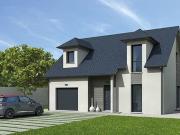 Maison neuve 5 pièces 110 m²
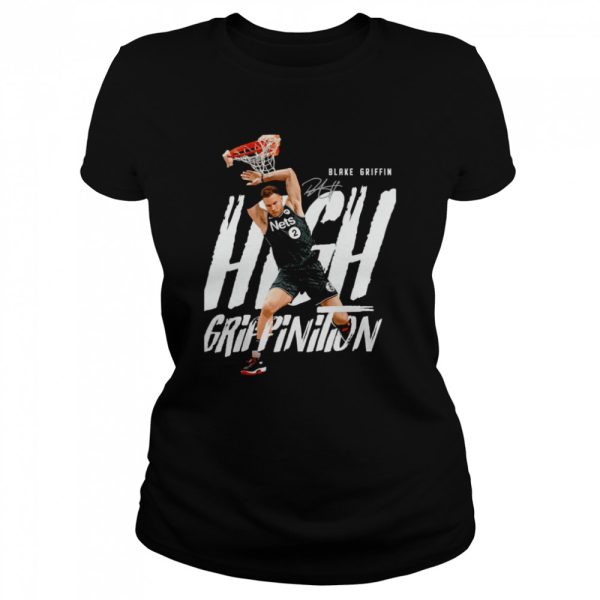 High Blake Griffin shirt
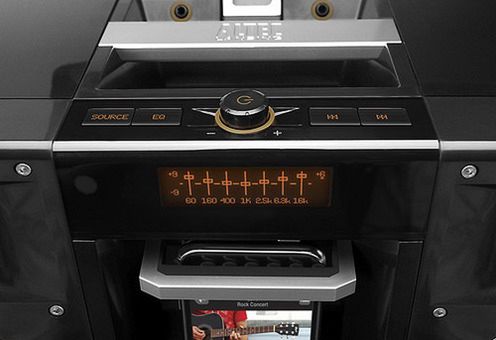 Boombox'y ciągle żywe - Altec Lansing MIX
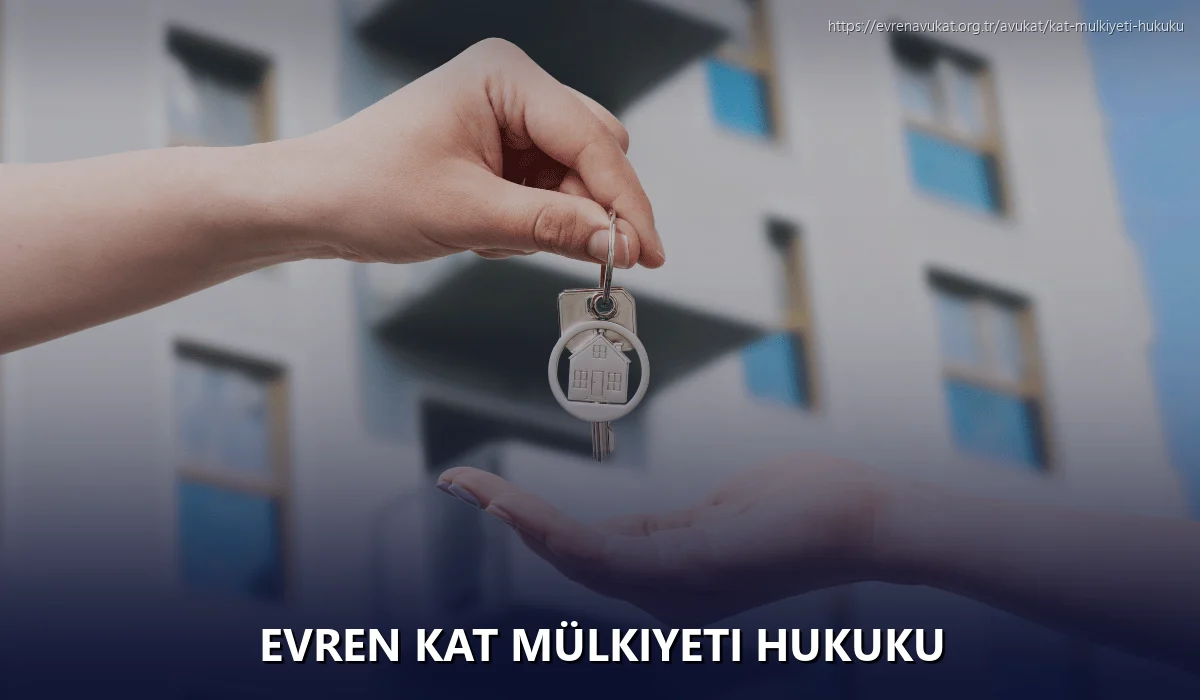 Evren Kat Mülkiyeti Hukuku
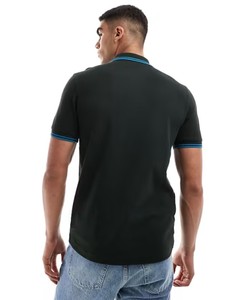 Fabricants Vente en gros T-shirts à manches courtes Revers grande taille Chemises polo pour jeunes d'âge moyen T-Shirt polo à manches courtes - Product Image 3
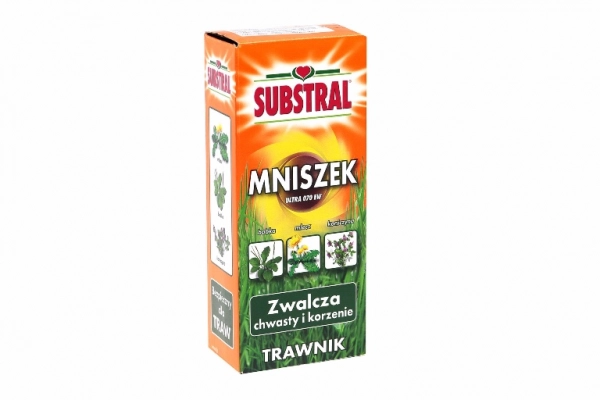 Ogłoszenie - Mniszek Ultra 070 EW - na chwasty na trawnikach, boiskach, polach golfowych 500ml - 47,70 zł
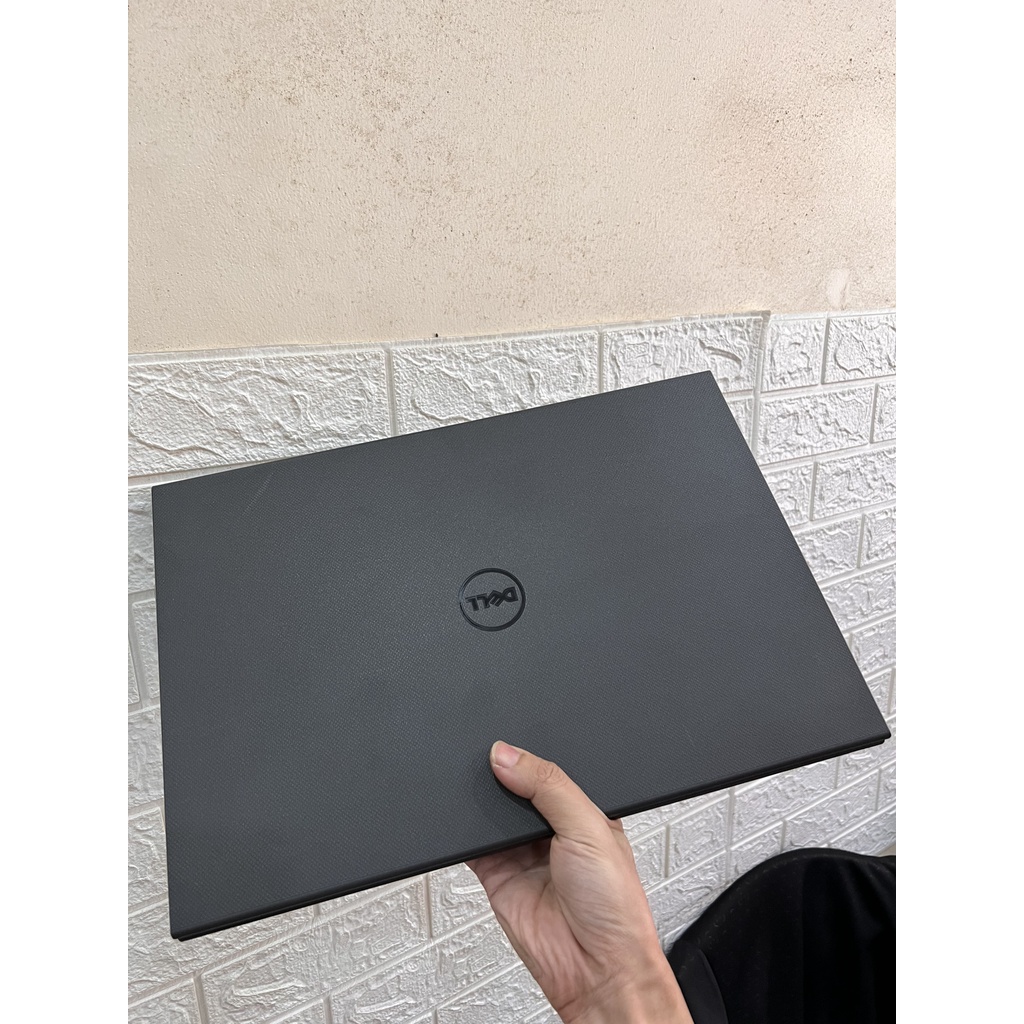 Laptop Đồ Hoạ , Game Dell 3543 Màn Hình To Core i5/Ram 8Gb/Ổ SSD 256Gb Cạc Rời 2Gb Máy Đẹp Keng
* * *
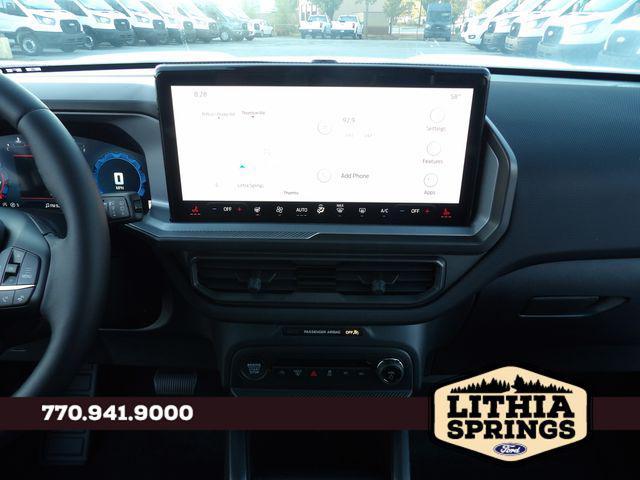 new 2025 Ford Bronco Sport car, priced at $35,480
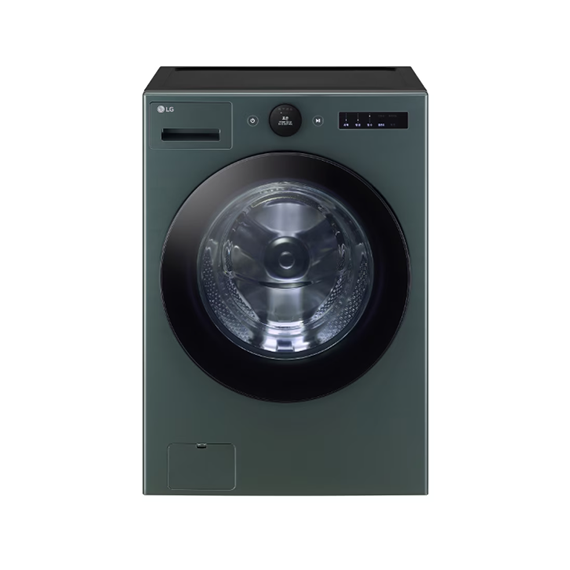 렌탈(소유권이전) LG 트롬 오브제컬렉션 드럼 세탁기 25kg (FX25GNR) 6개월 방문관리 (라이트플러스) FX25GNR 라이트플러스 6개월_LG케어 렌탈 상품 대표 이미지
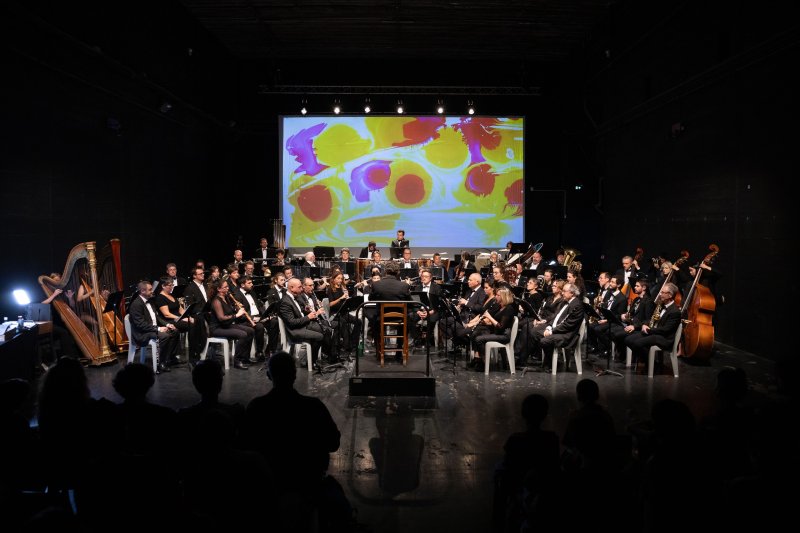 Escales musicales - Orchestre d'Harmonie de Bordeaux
* * *
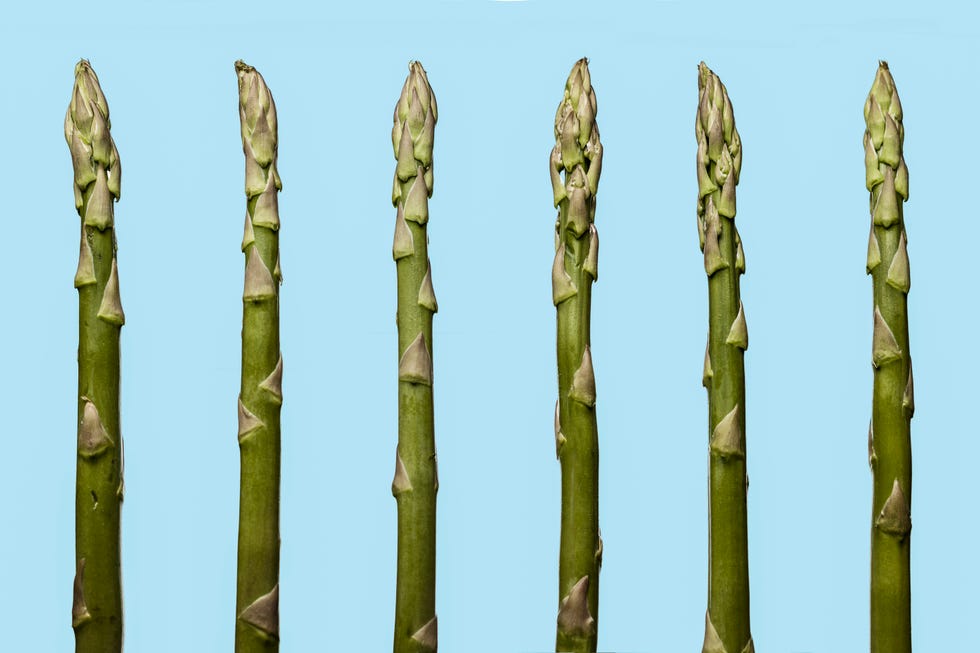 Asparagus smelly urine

* [Prompt]
Pictures excluded, give again exactly and only the lines of the material above from the line with "Evren Kat Mülkiyeti Hukuku" through the line with "Laptop Đồ Hoạ".

* [Response]
 Evren Kat Mülkiyeti Hukuku
 Fabricants Vente en gros T-shirts à manches courtes Revers grande taille Chemises polo pour jeunes d'âge moyen T-Shirt polo à manches courtes - Product Image 3
 Ogłoszenie - Mniszek Ultra 070 EW - na chwasty na trawnikach, boiskach, polach golfowych 500ml - 47,70 zł
 Laptop Đồ Hoạ , Game Dell 3543 Màn Hình To Core i5/Ram 8Gb/Ổ SSD 256Gb Cạc Rời 2Gb Máy Đẹp Keng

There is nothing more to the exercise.